Notre époque est celle de la facilité : les publics auxquels on souhaite faire passer des messages culturels (étudiants, apprenants,...) sont désormais en situation d'exiger que l'on s'adapte à leurs besoins et ne cherchent pas nécessairement, en ce qui les concerne, à faire l'effort d'adaptation nécessaire. Or, nous considérons que le métier d'historien est exigeant et nous ne pouvons le concevoir sans une certaine déontologie, qui ne permet pas cette réduction au plus petit dénominateur commun (le "truc", la "recette", l'anecdote, voire l'anecdotule).

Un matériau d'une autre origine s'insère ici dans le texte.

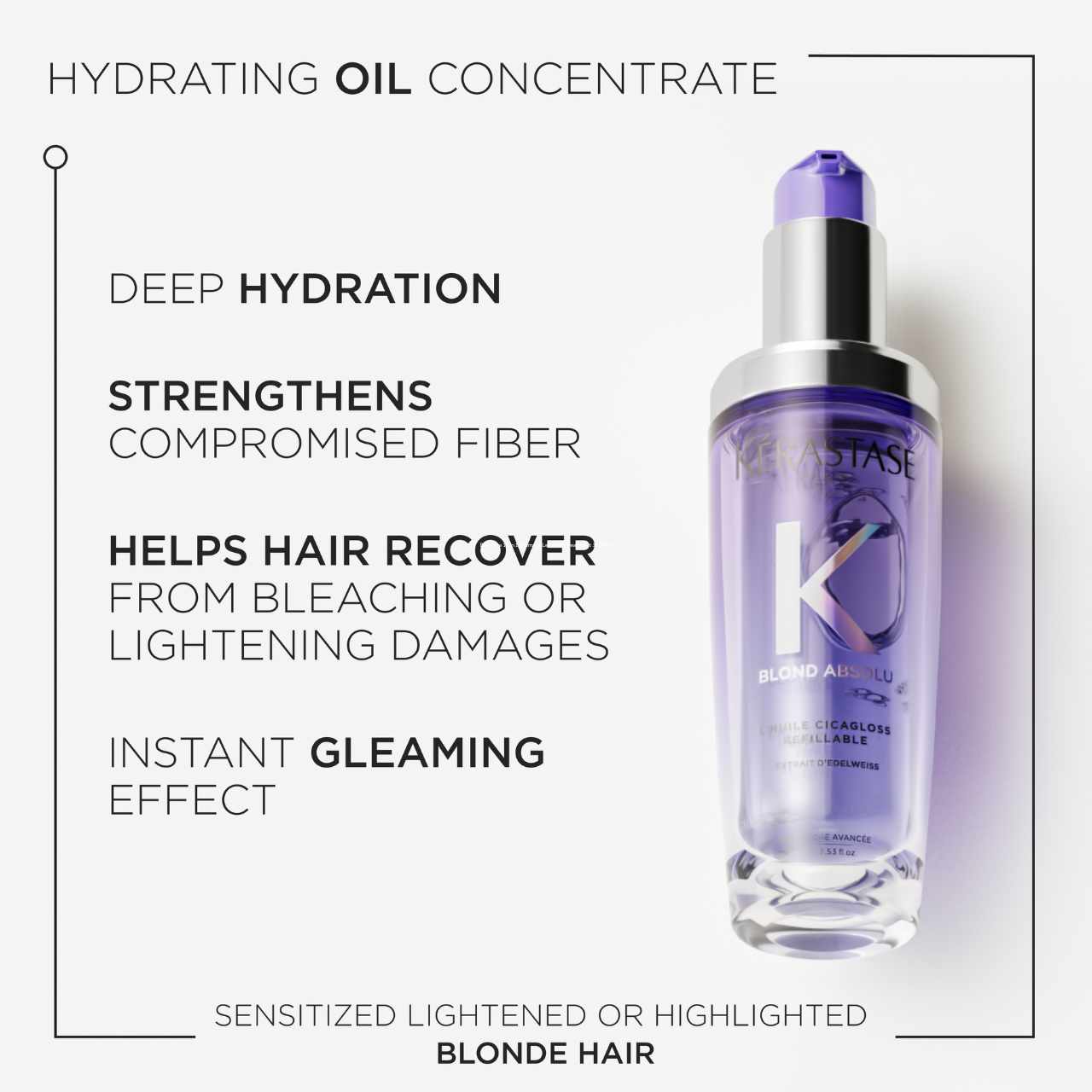 Kérastase Blond Absolu Cicagloss Hydrating Hair Oil 75ml offers deep hydration and strengthens bleached hair for shine.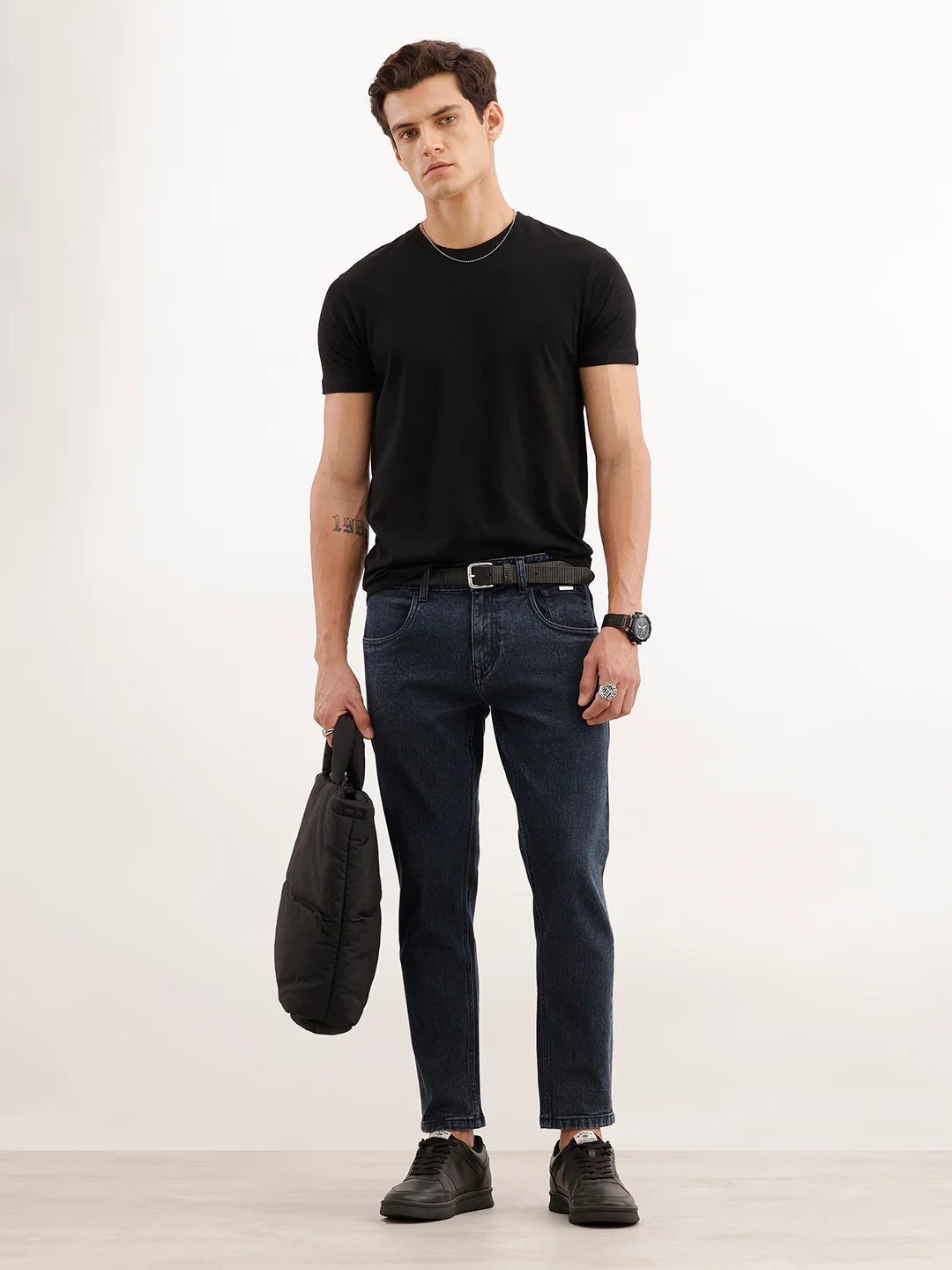 Solid Skinny Crop Denim Jeans  | Dark Blue - Image 2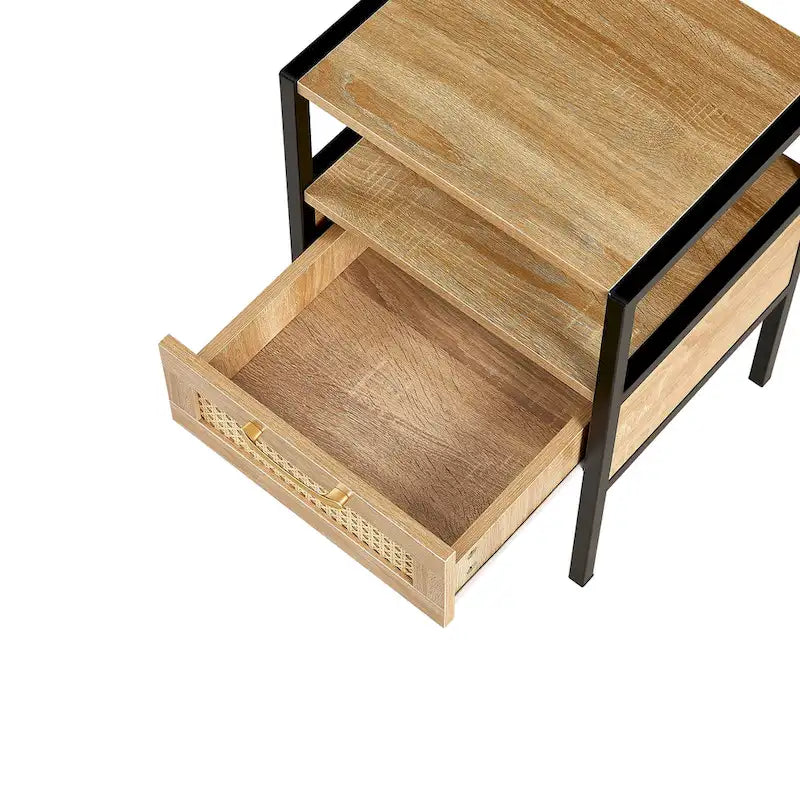 Table de chevet 1 tiroir en rotin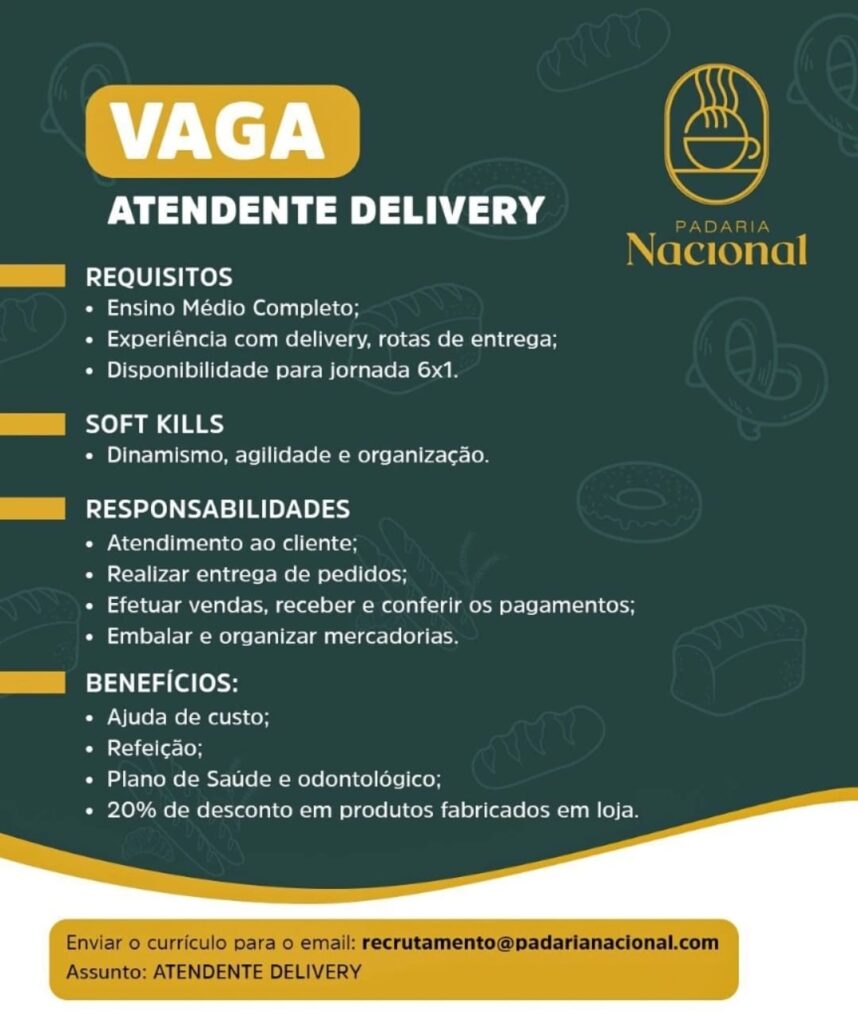 Vaga para Atendente Delivery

Ainsi, "raconter l'Histoire" aux gens sans prendre le temps et les moyens de leur expliquer que la façon même dont on raconte l'Histoire au travers des sujets retenus est lourde de conséquences sur la représentation idéologique de l'objet historique auquel on s'intéresse, c'est, pour nous, renoncer à entreprendre une véritable démarche d'historien ; et c'est la menace qui, nous semble-t-il, pèse désormais sur les études historiques bretonnes, par exemple, quand ces dernières s'attachent à des sujets comme la venue des Bretons insulaires en Armorique, le Tro Breiz, l'hagiographie, le mythe arthurien, etc.

En effet, la "marchandisation" touristique qui est associée à plusieurs de ces sujets requiert la caution des historiens mais enlève par avance à ces derniers le droit de procéder à la nécessaire mise au point historiographique qui viendrait fort à propos relativiser la pertinence des problématiques concernées. "Dites-nous qu'Arthur est vivant ! réclamaient déjà les Bretons du XIIe siècle à leurs chroniqueurs ; mais ne nous dites point pourquoi nous voulons absolument croire qu'Arthur est vivant !" : l'attente de leurs descendants du XXIe siècle ne paraît pas être très différente...


André-Yves Bourgès

1 commentaire:

B. Merdrignac a dit…

Je souscris... en livrant une anecdotule à l'appui de ce billet d'humeur. Voici quelques années, il m'a été demandé si je connaissais quelques passages de Vies de saints susceptibles de donner ses lettres de noblesse au Wisky breton, alors en promotion.
Comme je ne disposais que de la piquette de saint Guénolé, je n'ai hélas pas pu rendre le service demandé par mon correspondant!